Of course, there are frequent impressions of primal rage and loss and desperation that skim the surface every now and then, yet directorial moves to emotionally extort the viewer are deliberately absent. Characters manifest agency and resolve in seemingly muffled ways. What is interesting is that the male figures, Rodrigo and Carlos, repress their inner roiling dilemmas and guilt while their wives are more demonstrative and candid in their misgivings and demands. Both Rodrigo and Carlos are plagued by an enormity of guilt. Rodrigo’s father, inured to his sense of ownerships that any entrepreneur of his generation would exhibit, assuages him not to allow any encumbrance of guilt as Carlos had been warned about the accident site. Guilt is an encumbrance in its truest sense which Rodrigo and his class of people wouldn’t even humor, regarding it beneath themselves to weigh and consider finer sentiments of sympathy across the clearly drawn class lines and down the socioeconomic ladder.

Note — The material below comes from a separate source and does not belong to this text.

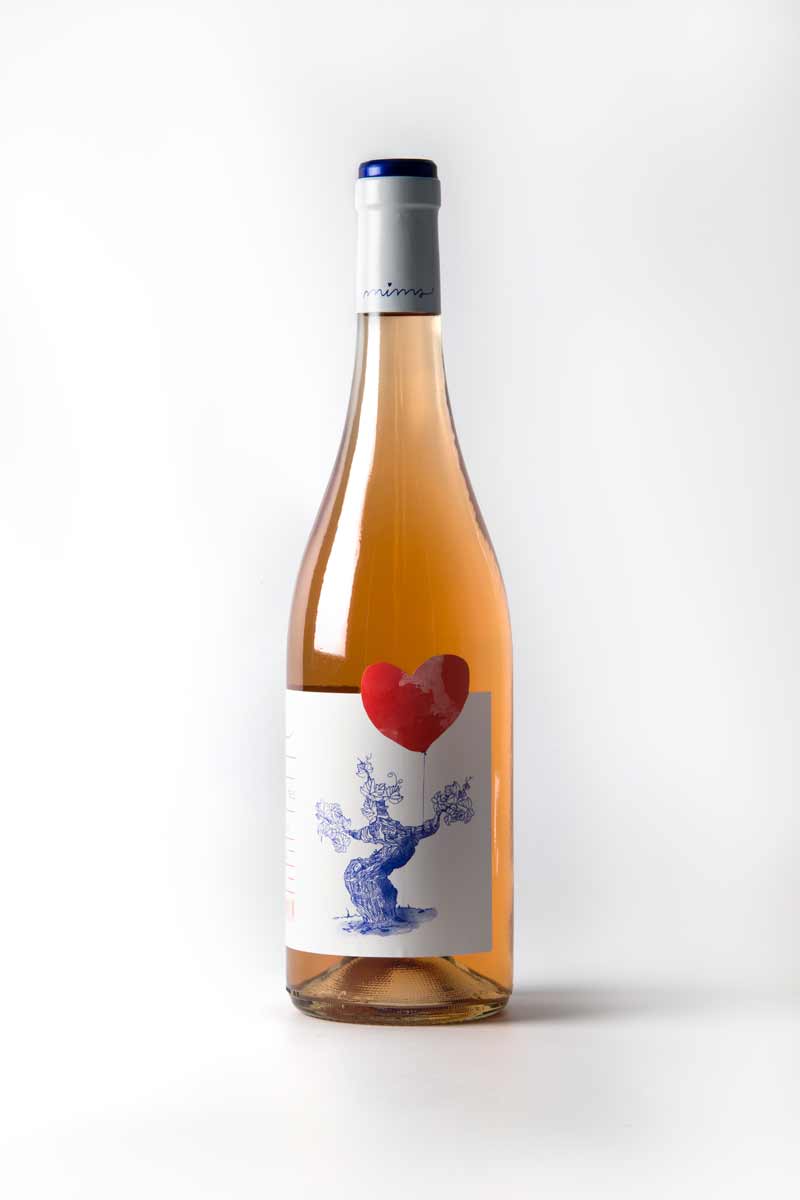 Fotografia de la botella de vi blanc, etiqueta blanca amb un dibuix amb línia blava i un cor amb taca vermell.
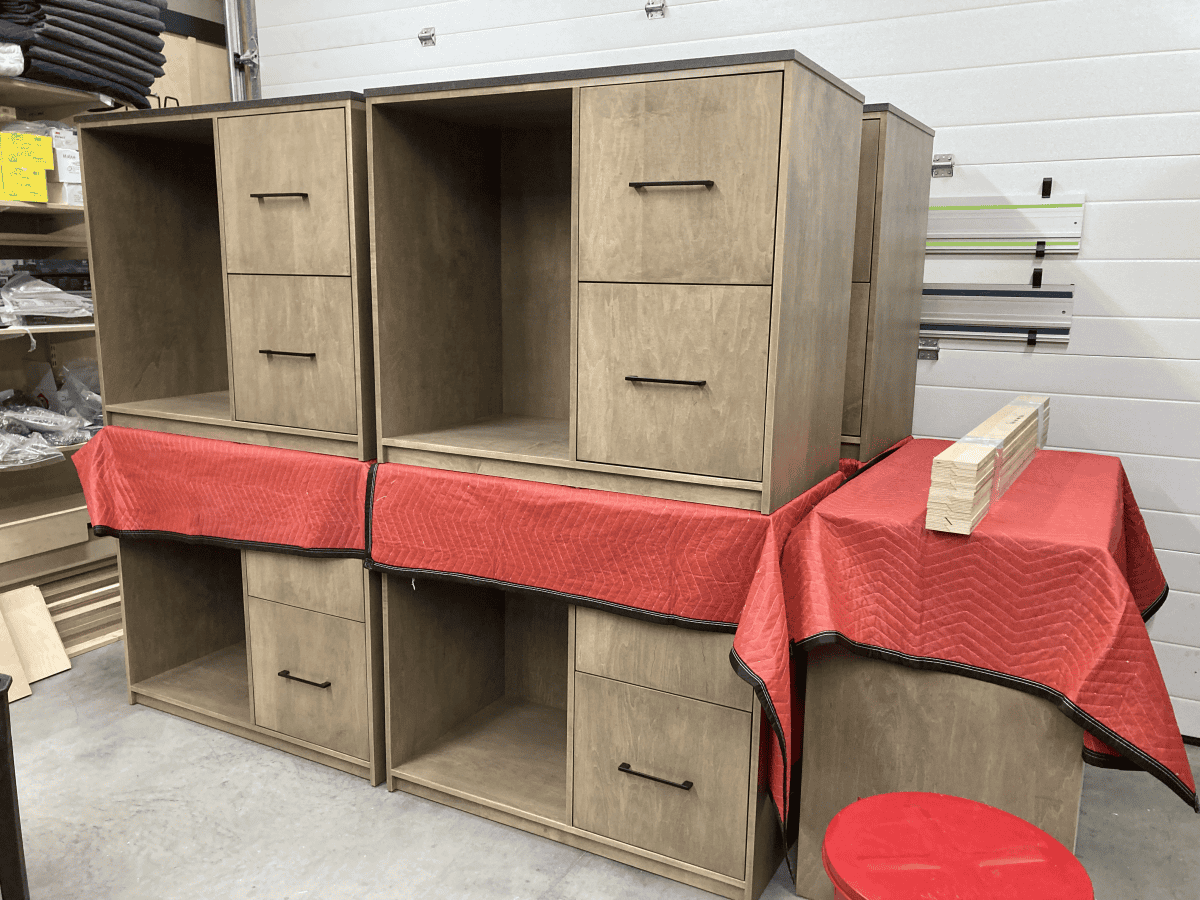 Custom wood cabinetry with drawers and shelving, displayed in a workshop setting, emphasizing craftsmanship and quality materials by Beaver Custom Builds.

Rodrigo attempts to watch out for Carlos on several occasions, preventing the latter from getting embroiled in any icky circumstance. He genuinely invites Carlos to articulate his increasingly troubled emotional interiority but he is wise enough to gauge that any such aspired-for safe spaces between the two is a thing of fantasy, since the two’s socialization into their respective ideologies and intractable positions in the society are insurmountable barriers. The indoctrination to their ways of life and social locations will perpetually impede healthy dialogue and fluid interaction. But Carlos also grows to maneuver he finds himself trapped into his end, so he can satisfy some of his core individual desires and ambitions at least, even if social mobility were impossible.

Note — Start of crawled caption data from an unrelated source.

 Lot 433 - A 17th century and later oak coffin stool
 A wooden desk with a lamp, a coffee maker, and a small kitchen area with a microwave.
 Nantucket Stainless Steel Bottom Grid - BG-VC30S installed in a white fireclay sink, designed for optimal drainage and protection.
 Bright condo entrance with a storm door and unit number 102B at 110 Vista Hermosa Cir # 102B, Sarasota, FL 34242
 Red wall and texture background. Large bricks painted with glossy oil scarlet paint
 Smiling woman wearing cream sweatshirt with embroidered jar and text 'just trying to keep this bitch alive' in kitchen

It is Carlos’s wife Stephanie (Fatima Quintanilla) who verbalizes the unrest brewing in the relationships especially after tragedy hits. She is unequivocal about her distrust of Rodrigo and his kin, and never withholds her grievances and the well of simmering fury within herself. She is not coy or hesitant in communication with the employers’ family. She might not speak much but her flitting gaze holds in itself a mirror of steadfast, ethically punishing indictment to the ways of being Rodrigo’s kind embodies most rashly and scot-free. She reminds them that while Rodrigo might not be as accountable as he ought to be, she can choose to wield some of the fear she has at her disposal on Rodrigo and his family. Once it is hinted at, the menace sears itself into the minds of Stephanie’s subjects She scuppers any likelihood of them brushing the magnitude of the tragedy under the carpet, denying its dismissal from the narrative of their dynamics.

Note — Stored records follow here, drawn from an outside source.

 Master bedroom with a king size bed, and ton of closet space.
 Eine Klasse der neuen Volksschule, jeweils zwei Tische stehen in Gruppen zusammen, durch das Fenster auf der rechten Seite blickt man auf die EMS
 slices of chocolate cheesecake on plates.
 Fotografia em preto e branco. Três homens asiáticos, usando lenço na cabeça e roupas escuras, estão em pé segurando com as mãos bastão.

The treatment of reconciling one’s natural impulses to inherited responses is nuanced and complex, as evidenced in the quandary of empathy being disrupted by capitalist frameworks that Rodrigo is hemmed in. We get repetitive wide shots of characters and vehicles traversing the expansive ranches, specks in the landscape, almost implying that they are bound within the larger invisible forces of the well-oiled capitalist machinery, their movement a mindful negotiation of the same. Rural Uruguay is a site of the transaction between two parties neatly separated by the ever-predominant power binary that dictates the sanctioned behavior pattern. Manuel Nieto establishes the daily rites at the ranch, the tractors and its drivers essential to the sight of the operations, also offering glimpses of the unsafe working conditions. The employer knows about the ditch and makes his workers cognizant of it but does not take any further protective steps as in marking out the precarious sections of the terrain.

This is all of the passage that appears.